(Image source from: www.ndtv.com)
With the constant trade disputes between India and America, there seems to be yet another lingering dispute that India is suffering from. India suffered from a hectic setback from the World Trade Organisation (WTO) in a filed dispute against the United States. According to the raised complaint, it has challenged the export subsidy schemes including one for the special economic zones.
The WTO ruled against India stating that these specific export subsidy programmes violated the provisions of the trade body norms. Counteracting those thoughts, New Delhi is expected to appeal the ruling in front of the organisation’s important Appellate Body.

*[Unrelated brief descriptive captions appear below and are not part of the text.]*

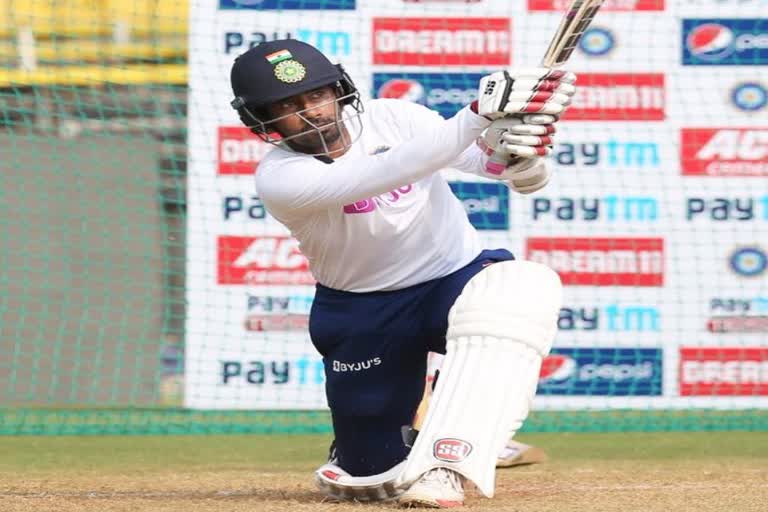 wicket-keeper-saha-resumes-training-at-team-india-nets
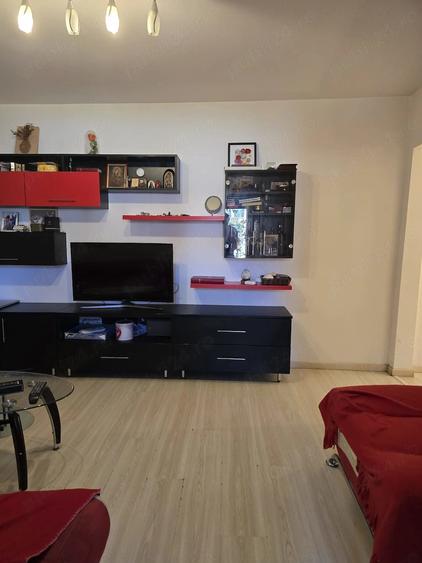 Apartament cu 3 camere semidecomandat în Gheorghe Lazăr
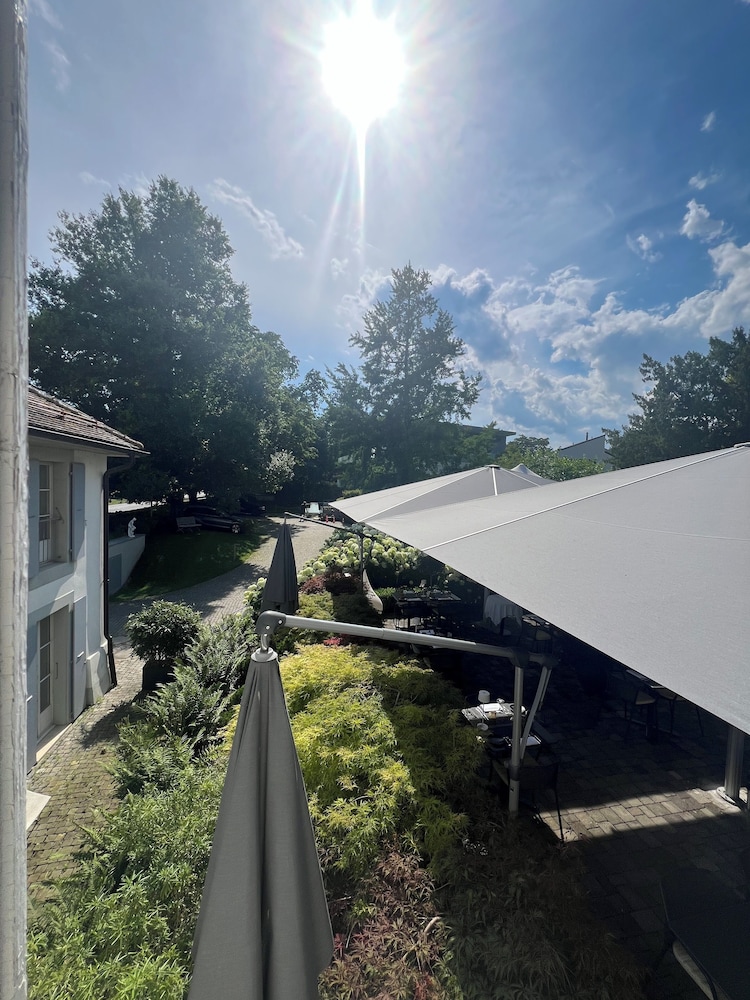 Hostellerie Le Petit Manoir 50/54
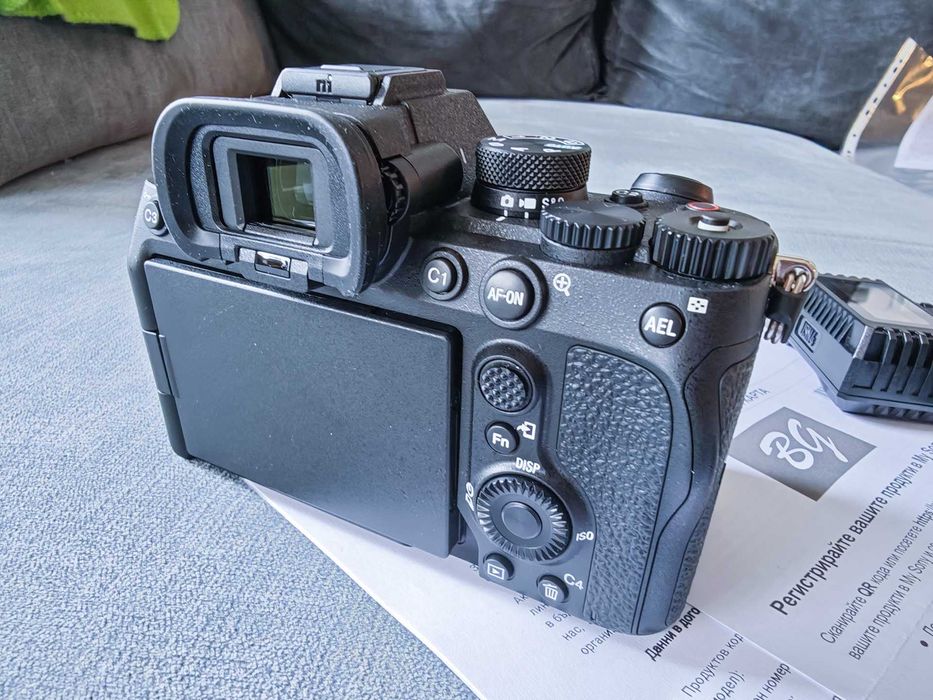 Продавам нова Sony A7IV с 3 години гаранция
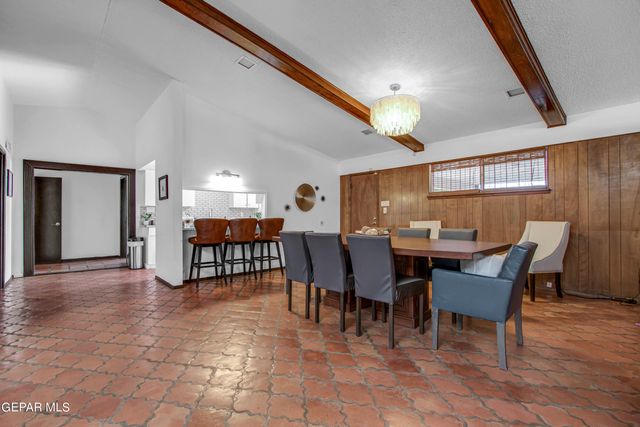 5716 OAK CLIFF Drive, El Paso, TX 79912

A highly experience dispute panel in the WTO suggested that these export subsidies opted by the Indian government violated some of the provisions under the trade body’s norms.
Addressing the caution, the panel during the ruling stated saying, “The dispute panel rejected India's claim that it was exempted from the prohibition on export subsidies under the special and differential treatment provisions of the WTO's Agreement on Subsidies & Countervailing Measures (SCM).”
Some of the other schemes that have also been affected by this ruling include the following:
• Merchandise Exports from India Scheme (MEIS)
• Export Oriented Units Scheme
• Electronics Hardware Technology Parks Scheme and Bio-Technology Parks Scheme
• Export Promotion Capital Goods Scheme
• Duty-Free Imports for Exporters Scheme
In a statement issued by the office of the US Trade Representative, it exclaimed saying, “According to the Indian Government, thousands of Indian companies are receiving subsidies totaling over $7 billion annually from these programs, and India has increased the size and scope of these programmes.”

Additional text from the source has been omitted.